**WORK TASK**
Transcribe the stretch of entries below from the line with "Kevin Garnett Minnesota" through the line with "Sadhu außerhalb von", exactly and with both ends included; leave out all other lines.

**SOURCE RECORDS**

[Start of section]

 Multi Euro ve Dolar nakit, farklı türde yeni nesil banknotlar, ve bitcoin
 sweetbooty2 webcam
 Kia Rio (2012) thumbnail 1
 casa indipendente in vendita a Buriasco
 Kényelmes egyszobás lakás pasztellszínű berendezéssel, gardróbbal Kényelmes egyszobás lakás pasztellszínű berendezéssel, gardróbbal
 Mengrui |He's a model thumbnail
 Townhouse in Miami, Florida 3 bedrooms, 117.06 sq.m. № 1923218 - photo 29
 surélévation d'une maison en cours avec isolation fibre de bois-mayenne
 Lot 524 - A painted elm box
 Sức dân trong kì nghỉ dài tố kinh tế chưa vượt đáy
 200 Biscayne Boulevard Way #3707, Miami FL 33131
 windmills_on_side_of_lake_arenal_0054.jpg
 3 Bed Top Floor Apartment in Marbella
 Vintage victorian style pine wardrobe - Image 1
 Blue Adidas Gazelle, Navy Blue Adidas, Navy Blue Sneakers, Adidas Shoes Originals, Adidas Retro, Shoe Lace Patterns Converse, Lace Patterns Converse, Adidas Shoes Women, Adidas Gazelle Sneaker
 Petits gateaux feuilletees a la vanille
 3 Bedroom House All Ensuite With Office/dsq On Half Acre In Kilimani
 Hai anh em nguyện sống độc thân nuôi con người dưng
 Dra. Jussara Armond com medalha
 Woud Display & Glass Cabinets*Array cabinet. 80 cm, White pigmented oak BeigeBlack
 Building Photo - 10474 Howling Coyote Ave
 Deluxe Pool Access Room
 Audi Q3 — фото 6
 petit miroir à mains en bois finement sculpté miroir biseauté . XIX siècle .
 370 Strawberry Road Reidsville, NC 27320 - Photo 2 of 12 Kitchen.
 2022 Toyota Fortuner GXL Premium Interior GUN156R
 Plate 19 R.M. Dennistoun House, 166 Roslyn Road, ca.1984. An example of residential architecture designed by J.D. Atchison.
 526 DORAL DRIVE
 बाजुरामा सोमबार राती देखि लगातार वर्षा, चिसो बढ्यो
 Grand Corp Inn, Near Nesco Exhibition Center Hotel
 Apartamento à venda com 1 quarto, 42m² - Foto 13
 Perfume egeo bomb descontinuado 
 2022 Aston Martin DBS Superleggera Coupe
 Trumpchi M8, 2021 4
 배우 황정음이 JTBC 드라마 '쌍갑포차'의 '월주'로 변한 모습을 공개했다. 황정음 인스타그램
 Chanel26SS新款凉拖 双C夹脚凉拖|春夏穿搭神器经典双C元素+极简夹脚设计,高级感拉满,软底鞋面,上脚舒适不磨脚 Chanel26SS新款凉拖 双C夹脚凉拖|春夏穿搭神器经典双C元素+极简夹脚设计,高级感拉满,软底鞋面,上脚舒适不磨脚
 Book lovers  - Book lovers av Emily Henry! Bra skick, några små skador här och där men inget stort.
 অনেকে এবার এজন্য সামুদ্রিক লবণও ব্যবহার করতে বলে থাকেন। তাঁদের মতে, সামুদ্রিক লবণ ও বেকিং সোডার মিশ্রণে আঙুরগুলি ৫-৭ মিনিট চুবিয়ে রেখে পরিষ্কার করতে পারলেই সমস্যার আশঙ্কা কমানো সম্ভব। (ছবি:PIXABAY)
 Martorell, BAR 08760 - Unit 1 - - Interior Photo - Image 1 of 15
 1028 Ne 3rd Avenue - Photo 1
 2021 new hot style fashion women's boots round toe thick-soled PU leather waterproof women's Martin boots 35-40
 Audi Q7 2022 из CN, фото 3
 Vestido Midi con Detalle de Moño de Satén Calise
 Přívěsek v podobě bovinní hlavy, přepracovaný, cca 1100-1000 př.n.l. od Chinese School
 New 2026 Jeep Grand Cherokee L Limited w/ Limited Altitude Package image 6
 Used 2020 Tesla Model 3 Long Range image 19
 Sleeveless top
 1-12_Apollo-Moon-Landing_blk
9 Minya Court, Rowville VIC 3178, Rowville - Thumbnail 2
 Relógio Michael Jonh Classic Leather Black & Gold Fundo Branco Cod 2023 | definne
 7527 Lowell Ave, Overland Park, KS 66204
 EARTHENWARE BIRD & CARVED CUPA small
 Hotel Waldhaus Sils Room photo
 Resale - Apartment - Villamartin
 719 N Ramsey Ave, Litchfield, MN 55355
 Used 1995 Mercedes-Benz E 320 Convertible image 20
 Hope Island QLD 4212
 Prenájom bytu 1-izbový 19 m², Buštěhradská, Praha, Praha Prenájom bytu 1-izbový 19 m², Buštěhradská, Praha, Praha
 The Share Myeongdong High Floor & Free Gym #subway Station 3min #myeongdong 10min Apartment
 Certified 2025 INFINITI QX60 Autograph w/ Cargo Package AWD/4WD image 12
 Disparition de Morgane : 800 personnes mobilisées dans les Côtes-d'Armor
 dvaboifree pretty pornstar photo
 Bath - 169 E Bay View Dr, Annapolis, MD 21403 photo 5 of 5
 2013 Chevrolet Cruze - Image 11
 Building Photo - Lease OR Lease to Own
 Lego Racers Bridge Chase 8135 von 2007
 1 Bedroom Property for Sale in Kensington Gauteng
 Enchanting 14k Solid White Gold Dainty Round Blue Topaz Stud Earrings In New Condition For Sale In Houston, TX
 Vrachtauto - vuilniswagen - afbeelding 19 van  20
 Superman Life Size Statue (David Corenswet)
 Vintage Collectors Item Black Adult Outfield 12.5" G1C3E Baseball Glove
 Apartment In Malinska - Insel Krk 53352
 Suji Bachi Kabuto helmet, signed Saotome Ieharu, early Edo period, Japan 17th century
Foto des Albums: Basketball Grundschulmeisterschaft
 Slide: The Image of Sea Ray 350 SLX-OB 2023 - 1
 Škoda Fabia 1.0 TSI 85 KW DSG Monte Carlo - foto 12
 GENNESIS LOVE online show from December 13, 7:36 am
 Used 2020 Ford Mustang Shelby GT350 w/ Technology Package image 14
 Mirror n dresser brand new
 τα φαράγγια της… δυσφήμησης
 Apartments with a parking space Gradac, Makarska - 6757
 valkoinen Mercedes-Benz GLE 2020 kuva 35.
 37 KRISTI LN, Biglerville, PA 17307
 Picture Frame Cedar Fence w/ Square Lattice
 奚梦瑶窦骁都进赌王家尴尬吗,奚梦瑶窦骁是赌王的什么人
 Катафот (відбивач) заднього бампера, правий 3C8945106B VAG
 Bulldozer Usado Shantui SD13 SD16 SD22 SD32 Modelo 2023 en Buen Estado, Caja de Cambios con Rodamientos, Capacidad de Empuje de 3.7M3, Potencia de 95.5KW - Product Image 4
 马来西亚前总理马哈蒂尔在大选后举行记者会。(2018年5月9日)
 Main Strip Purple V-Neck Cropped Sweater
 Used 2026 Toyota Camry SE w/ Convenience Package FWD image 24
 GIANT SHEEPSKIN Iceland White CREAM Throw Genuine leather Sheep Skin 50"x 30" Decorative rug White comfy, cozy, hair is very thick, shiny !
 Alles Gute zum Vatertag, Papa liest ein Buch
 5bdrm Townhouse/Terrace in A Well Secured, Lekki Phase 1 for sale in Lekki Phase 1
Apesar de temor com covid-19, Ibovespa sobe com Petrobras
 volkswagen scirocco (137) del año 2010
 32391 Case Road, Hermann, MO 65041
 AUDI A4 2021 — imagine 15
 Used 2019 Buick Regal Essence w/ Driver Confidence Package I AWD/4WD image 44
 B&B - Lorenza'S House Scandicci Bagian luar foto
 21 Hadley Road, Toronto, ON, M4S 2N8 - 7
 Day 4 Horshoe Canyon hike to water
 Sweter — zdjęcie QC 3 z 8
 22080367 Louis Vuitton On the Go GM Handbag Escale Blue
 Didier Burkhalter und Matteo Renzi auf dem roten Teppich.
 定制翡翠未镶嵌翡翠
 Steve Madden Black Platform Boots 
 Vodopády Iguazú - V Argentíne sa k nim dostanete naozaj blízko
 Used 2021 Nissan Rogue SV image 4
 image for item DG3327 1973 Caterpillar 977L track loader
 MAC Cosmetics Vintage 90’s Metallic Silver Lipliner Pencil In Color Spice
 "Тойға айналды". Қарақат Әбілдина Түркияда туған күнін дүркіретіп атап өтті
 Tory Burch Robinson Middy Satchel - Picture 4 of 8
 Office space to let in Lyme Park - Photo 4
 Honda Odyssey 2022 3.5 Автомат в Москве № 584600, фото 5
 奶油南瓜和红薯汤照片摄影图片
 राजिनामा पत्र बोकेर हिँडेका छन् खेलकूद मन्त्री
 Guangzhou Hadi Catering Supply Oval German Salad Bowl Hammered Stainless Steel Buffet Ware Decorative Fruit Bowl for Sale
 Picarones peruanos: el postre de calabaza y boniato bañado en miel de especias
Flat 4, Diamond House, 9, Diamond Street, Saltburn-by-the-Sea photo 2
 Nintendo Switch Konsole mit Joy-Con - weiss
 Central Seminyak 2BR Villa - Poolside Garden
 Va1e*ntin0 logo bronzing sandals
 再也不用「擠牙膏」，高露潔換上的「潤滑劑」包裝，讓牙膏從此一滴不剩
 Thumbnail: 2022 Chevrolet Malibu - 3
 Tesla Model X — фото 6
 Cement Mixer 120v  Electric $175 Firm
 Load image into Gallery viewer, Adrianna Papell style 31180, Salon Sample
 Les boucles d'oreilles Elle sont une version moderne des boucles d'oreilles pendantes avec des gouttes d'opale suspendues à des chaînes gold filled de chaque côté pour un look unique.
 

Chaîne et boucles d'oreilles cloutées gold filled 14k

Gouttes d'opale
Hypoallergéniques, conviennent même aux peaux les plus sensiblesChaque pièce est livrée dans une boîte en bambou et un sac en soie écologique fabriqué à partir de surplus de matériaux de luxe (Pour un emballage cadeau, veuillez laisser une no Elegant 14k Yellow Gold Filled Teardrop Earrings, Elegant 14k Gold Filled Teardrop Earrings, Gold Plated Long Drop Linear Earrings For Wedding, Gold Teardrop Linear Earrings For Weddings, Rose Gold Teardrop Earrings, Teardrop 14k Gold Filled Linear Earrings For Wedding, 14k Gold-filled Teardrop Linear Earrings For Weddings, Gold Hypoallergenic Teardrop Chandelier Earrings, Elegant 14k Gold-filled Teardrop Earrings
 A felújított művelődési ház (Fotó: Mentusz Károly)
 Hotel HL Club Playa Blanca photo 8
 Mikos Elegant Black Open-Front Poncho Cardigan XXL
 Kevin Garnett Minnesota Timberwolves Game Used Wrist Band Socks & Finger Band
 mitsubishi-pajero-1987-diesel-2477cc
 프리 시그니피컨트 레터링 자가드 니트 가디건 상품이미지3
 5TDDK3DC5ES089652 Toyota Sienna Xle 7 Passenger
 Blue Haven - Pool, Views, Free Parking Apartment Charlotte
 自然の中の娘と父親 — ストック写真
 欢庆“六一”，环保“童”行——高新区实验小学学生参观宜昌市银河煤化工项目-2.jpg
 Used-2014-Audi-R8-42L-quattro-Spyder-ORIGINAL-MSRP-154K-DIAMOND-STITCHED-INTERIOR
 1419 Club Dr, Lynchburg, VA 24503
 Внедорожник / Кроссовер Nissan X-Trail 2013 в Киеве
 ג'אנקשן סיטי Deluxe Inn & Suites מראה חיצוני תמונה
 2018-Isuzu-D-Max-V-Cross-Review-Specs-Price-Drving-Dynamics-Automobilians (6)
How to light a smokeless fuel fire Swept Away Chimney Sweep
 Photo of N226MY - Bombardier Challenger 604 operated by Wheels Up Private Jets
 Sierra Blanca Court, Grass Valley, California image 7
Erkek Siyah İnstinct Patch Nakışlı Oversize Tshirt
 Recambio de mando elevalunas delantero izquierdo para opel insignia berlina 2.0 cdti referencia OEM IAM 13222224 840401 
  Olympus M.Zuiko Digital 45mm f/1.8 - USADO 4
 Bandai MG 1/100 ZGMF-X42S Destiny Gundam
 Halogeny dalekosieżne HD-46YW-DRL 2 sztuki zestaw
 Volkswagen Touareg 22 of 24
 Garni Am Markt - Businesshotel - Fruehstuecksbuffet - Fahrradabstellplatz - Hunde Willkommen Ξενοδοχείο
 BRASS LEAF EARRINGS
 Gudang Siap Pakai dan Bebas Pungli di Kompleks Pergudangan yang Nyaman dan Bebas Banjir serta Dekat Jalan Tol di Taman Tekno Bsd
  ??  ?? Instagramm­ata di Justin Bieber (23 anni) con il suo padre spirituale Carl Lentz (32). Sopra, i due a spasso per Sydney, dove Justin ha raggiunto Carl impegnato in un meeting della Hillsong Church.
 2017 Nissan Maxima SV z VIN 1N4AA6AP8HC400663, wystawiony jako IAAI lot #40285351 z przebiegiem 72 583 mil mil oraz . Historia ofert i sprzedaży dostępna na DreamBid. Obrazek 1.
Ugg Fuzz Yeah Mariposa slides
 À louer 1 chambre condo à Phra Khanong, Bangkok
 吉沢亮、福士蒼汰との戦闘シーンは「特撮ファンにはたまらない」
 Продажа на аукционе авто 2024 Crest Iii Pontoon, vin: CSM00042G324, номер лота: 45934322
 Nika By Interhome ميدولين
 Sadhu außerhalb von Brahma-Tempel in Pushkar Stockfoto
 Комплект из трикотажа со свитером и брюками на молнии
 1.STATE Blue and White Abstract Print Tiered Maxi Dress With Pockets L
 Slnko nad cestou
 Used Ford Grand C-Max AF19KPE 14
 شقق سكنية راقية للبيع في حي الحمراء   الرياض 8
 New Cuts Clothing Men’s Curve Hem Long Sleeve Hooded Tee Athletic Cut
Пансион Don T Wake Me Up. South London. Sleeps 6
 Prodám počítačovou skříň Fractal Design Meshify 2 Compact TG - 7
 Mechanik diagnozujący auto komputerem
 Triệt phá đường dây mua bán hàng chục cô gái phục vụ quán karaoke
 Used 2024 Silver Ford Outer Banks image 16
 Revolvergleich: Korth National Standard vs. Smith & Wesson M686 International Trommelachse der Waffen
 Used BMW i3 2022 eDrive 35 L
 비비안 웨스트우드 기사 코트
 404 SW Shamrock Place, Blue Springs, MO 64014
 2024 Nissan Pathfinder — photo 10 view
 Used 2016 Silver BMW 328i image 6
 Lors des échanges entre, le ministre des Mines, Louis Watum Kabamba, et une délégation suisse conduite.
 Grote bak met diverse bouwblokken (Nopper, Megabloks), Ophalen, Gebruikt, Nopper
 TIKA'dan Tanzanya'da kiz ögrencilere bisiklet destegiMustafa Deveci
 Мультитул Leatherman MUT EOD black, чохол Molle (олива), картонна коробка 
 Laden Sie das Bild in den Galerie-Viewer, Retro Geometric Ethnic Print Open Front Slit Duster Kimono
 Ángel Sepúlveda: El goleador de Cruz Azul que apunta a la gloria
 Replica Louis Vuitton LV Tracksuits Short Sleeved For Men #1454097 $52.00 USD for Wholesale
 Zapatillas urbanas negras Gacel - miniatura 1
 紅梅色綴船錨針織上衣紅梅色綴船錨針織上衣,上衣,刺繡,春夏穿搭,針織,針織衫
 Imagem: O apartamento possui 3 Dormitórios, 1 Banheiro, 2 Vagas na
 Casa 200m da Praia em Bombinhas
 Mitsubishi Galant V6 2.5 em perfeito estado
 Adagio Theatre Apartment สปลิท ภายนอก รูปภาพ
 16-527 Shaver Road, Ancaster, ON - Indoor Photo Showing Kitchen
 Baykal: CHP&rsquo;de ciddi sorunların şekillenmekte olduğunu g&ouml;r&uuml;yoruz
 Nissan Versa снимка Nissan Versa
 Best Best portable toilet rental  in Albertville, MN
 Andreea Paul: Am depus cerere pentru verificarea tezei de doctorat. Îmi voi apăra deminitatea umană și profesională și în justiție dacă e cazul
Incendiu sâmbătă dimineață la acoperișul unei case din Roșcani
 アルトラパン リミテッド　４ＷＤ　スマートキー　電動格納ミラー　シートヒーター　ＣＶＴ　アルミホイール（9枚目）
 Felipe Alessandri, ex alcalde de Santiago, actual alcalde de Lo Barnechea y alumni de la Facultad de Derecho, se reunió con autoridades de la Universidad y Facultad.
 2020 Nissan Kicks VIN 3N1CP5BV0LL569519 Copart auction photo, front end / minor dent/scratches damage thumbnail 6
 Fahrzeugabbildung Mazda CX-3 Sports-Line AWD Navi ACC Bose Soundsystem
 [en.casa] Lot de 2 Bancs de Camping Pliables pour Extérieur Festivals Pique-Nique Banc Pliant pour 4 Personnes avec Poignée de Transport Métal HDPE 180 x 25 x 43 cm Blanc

[End of section]

**YOUR SOLUTION**
 Kevin Garnett Minnesota Timberwolves Game Used Wrist Band Socks & Finger Band
 mitsubishi-pajero-1987-diesel-2477cc
 프리 시그니피컨트 레터링 자가드 니트 가디건 상품이미지3
 5TDDK3DC5ES089652 Toyota Sienna Xle 7 Passenger
 Blue Haven - Pool, Views, Free Parking Apartment Charlotte
 自然の中の娘と父親 — ストック写真
 欢庆“六一”，环保“童”行——高新区实验小学学生参观宜昌市银河煤化工项目-2.jpg
 Used-2014-Audi-R8-42L-quattro-Spyder-ORIGINAL-MSRP-154K-DIAMOND-STITCHED-INTERIOR
 1419 Club Dr, Lynchburg, VA 24503
 Внедорожник / Кроссовер Nissan X-Trail 2013 в Киеве
 ג'אנקשן סיטי Deluxe Inn & Suites מראה חיצוני תמונה
 2018-Isuzu-D-Max-V-Cross-Review-Specs-Price-Drving-Dynamics-Automobilians (6)
How to light a smokeless fuel fire Swept Away Chimney Sweep
 Photo of N226MY - Bombardier Challenger 604 operated by Wheels Up Private Jets
 Sierra Blanca Court, Grass Valley, California image 7
Erkek Siyah İnstinct Patch Nakışlı Oversize Tshirt
 Recambio de mando elevalunas delantero izquierdo para opel insignia berlina 2.0 cdti referencia OEM IAM 13222224 840401 
  Olympus M.Zuiko Digital 45mm f/1.8 - USADO 4
 Bandai MG 1/100 ZGMF-X42S Destiny Gundam
 Halogeny dalekosieżne HD-46YW-DRL 2 sztuki zestaw
 Volkswagen Touareg 22 of 24
 Garni Am Markt - Businesshotel - Fruehstuecksbuffet - Fahrradabstellplatz - Hunde Willkommen Ξενοδοχείο
 BRASS LEAF EARRINGS
 Gudang Siap Pakai dan Bebas Pungli di Kompleks Pergudangan yang Nyaman dan Bebas Banjir serta Dekat Jalan Tol di Taman Tekno Bsd
  ??  ?? Instagramm­ata di Justin Bieber (23 anni) con il suo padre spirituale Carl Lentz (32). Sopra, i due a spasso per Sydney, dove Justin ha raggiunto Carl impegnato in un meeting della Hillsong Church.
 2017 Nissan Maxima SV z VIN 1N4AA6AP8HC400663, wystawiony jako IAAI lot #40285351 z przebiegiem 72 583 mil mil oraz . Historia ofert i sprzedaży dostępna na DreamBid. Obrazek 1.
Ugg Fuzz Yeah Mariposa slides
 À louer 1 chambre condo à Phra Khanong, Bangkok
 吉沢亮、福士蒼汰との戦闘シーンは「特撮ファンにはたまらない」
 Продажа на аукционе авто 2024 Crest Iii Pontoon, vin: CSM00042G324, номер лота: 45934322
 Nika By Interhome ميدولين
 Sadhu außerhalb von Brahma-Tempel in Pushkar Stockfoto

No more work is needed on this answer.